A tropical storm came through here this weekend, intermittent bouts of rain and sunshine consuming the day. As the rain tempered off and I looked out our balcony, my eyes were drawn to a puddle. Rain drops steadily fell from the tree above it, forming ripples upon impact. After three days of intense reflection during orientation, I couldn’t help but see a metaphor in front of me. Quite honestly, as I start my year in the Dominican Republic, I don’t feel far off from a rain drop falling from a tree and striking a large unknown body of water.
Like anything worthwhile, choosing to do a year of service involves taking a risk for me. I struggle daily to communicate with those around me. (This Bridesmaids clip displays perfectly how I feel 90% of the time: http://www.youtube.com/watch?v=szAvasyAavs&playnext=1&list=PLA57BC96ECEAD0545&feature=results_video.) I am far away from the people that I love. I live with people I’ve just met, and I’m trusting them to support me throughout this process. There’s a strong chance that I will step on a sea urchin at some point. The list goes on and to be honest, it’s exciting but also very scary. In many senses, I feel as if I am falling, landing in an unfamiliar place. A very unfamiliar place.

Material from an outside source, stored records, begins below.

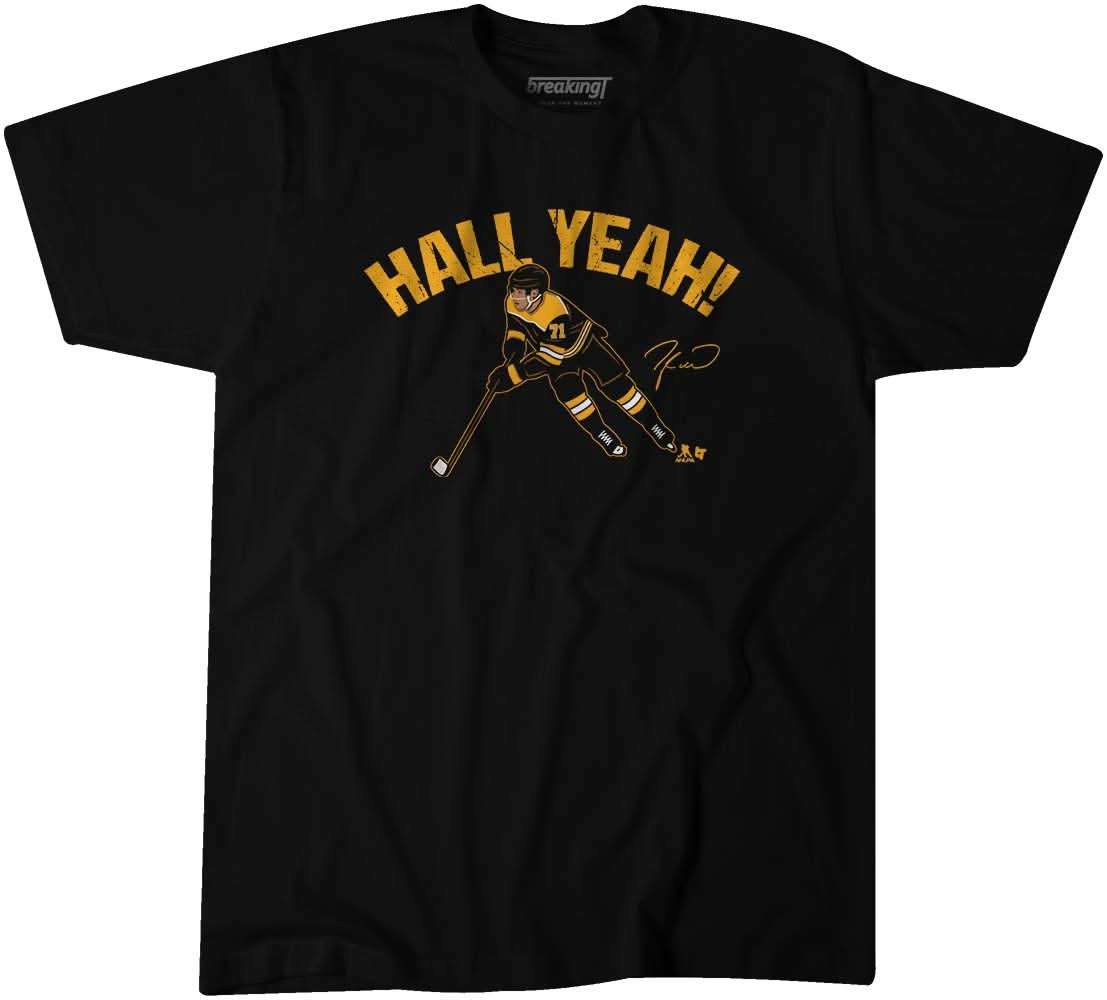 Taylor Hall: Hall Yeah! 2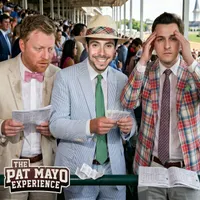 Pat Mayo Experience artwork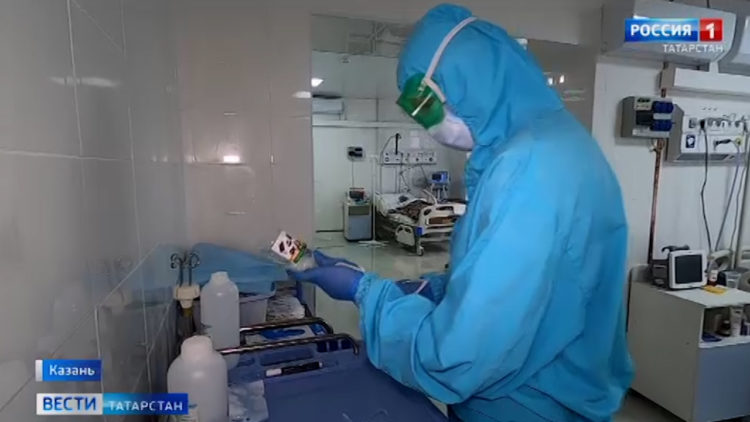 В Казани подвели итоги всероссийского журналистского конкурса «Многоликая Россия»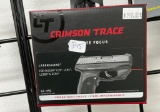 Crimson Trace Laserguard for Ruger LC9, LC9s, LC380, EC9s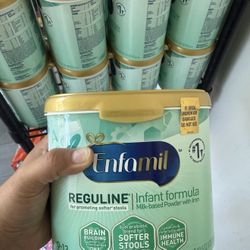 Enfamil Reguline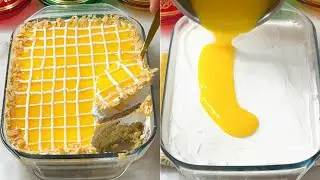 طرطة ب 3 طبقات !!!سهلة وسريعة قومي حالا حضريها🏃جربيها غتولي معتمدة عندك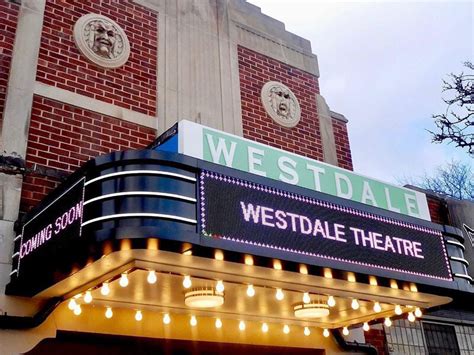 The Westdale - Hometown Hub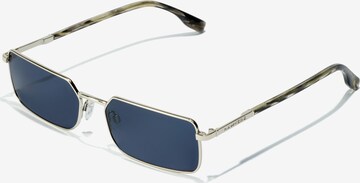 HAWKERS Sunglasses 'Sour' in Blue: front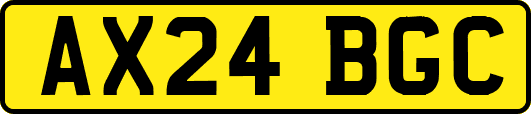 AX24BGC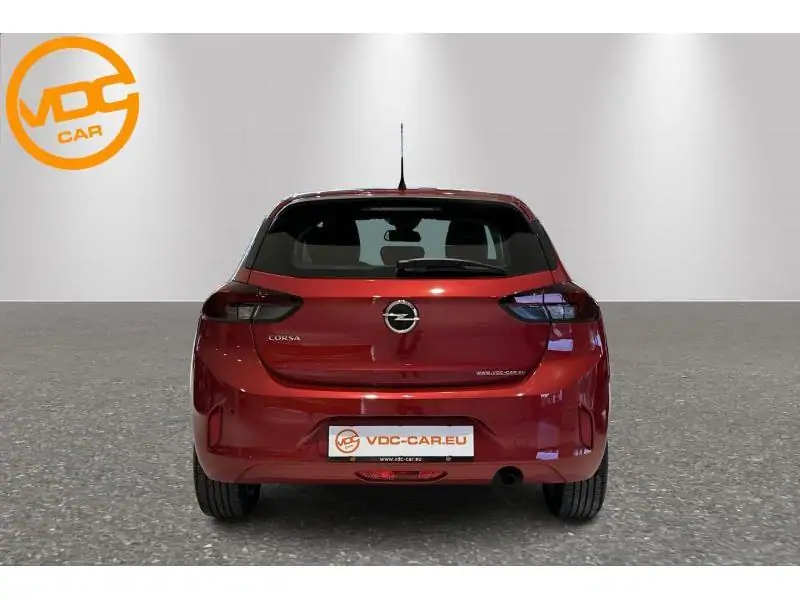 Occasion Opel Corsa Edition RED 7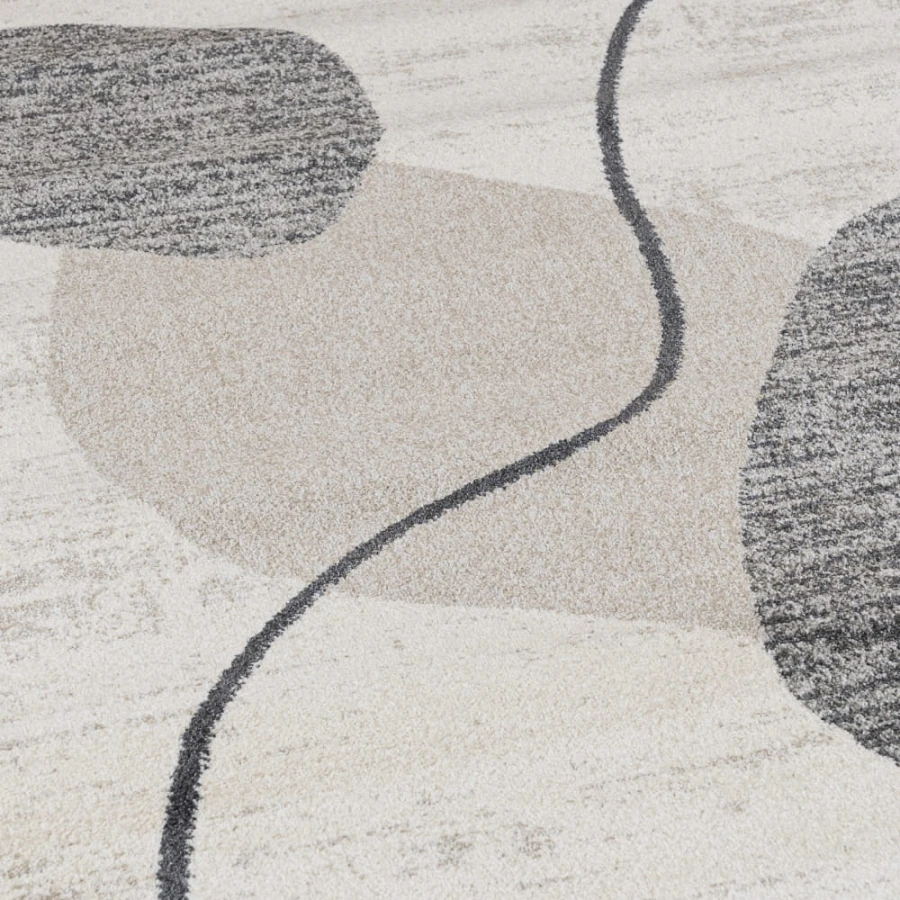 Dywan Art Rugs - KASHQAI NP24D CREAM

However, all I need to do is hug one of the kids and I have no question why I’ve chosen to take this risk. Mother Teresa said perfectly, “We ourselves feel that what we are doing is just a drop in the ocean. But the ocean would be less because of that missing drop.” This strange ocean is a place that I care deeply about, and many times I feel completely overwhelmed by all of its needs. How can my presence here truly have an impact when the problems far exceed my capabilities? I am a mere raindrop trying to affect an ocean, and as I land I will only see the very first ripple I’ve created. Yet, I need to remember that that ripple will grow and continue to grow into something much greater than I ever could have imagined.